Ngopi Bareng Mbah Maimoen - Atorcator

Atorcator

Menulis adalah usaha merawat kejernihan berpikir, menjaga kewarasan, dan menyimpan memori sebelum dunia terkatup.

Latest Update
Fetching data...

13 Maret 2019

Ngopi Bareng Mbah Maimoen

NU.or.id

Oleh: Sunardian Wirodono

Tidak mudah menemui Kyai Haji Maimoen Zubair, alias Mbah Maimoen (91). Untuk bisa bertemu dengan beliau, kami yang bukan apa-apa ini harus menunggu berhari-hari, bahkan dua kali kedatangan ke pesantren Al-Anwar, Sarang, Rembang dalam bulan yang berbeda.

Waktu itu, dua tahun lalu kami mengerjakan proyek program dokumenter dari Falcon, untuk profil kyai-kyai pemilik pondok pesanstren di Jawa-Madura. Bukan pekerjaan ringan, karena tak mudah menemui para kyai sepuh dan kharismatik, yang tak butuh publisitas. Sementara sebagai kerja proyek, kami dibatasi waktu.

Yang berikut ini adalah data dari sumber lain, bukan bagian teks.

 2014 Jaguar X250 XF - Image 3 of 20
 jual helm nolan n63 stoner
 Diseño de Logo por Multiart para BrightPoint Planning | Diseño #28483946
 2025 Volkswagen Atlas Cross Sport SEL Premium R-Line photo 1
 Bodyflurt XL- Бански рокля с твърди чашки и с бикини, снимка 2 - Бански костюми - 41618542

Ke Rembang kedua kalinya, setelah kunjungan pertama beberapa bulan sebelumnya nihil, ada harapan diterima Mbah Maimoen. Dua hari kami tunggu. Mas Hakim, temen saya yang anak pesantren dan ngerti bahasa Arab, sudah seharian saya minta nongkrongin ndalem Mbah Maimoen. Sampai akhirnya lampu hijau untuk kami ketemu. Tetamu Mbah Maimoen yang ngaudubillah ngantri.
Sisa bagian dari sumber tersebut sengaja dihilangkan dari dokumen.